Directions for this task ▸ In the records below, find the line with "2024 Toyota Prius Xle - Image 2" and the line with "True Refrigeration GDM-49-HC-TSL01"; return exactly those lines and every line between them.

(Dataset items)

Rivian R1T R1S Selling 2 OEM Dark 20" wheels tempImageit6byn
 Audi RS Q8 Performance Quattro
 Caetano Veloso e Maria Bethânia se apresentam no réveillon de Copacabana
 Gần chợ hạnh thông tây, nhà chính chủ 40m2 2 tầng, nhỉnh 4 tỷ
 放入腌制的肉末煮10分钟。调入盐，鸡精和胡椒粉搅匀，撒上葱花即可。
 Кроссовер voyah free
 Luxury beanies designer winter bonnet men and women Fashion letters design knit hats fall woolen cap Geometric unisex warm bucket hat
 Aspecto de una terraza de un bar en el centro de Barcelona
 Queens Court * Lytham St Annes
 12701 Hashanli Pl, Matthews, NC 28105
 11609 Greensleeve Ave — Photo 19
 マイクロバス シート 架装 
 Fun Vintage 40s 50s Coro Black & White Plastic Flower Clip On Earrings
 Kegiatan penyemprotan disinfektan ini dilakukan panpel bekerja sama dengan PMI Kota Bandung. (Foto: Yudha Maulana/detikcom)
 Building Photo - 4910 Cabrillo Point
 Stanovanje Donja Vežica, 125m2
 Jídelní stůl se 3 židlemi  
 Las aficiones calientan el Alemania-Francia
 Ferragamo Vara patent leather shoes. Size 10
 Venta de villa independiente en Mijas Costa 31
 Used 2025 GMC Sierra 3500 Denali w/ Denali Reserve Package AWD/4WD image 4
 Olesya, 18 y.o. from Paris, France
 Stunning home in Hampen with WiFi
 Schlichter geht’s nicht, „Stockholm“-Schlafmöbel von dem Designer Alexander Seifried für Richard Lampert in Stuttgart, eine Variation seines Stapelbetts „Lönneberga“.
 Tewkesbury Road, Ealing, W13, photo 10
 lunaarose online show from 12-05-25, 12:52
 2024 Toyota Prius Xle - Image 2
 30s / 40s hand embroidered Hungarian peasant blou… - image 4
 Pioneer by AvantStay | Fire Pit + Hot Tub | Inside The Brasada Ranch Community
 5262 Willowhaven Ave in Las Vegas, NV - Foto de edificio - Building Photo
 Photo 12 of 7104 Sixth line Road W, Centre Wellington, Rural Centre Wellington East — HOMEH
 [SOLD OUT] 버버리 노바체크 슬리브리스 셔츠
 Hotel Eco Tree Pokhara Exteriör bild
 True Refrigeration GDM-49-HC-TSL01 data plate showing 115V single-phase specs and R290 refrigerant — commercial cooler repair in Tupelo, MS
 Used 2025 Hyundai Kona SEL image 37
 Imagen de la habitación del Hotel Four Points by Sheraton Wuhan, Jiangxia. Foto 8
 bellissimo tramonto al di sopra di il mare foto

Reply ▸
 2024 Toyota Prius Xle - Image 2
 30s / 40s hand embroidered Hungarian peasant blou… - image 4
 Pioneer by AvantStay | Fire Pit + Hot Tub | Inside The Brasada Ranch Community
 5262 Willowhaven Ave in Las Vegas, NV - Foto de edificio - Building Photo
 Photo 12 of 7104 Sixth line Road W, Centre Wellington, Rural Centre Wellington East — HOMEH
 [SOLD OUT] 버버리 노바체크 슬리브리스 셔츠
 Hotel Eco Tree Pokhara Exteriör bild
 True Refrigeration GDM-49-HC-TSL01 data plate showing 115V single-phase specs and R290 refrigerant — commercial cooler repair in Tupelo, MS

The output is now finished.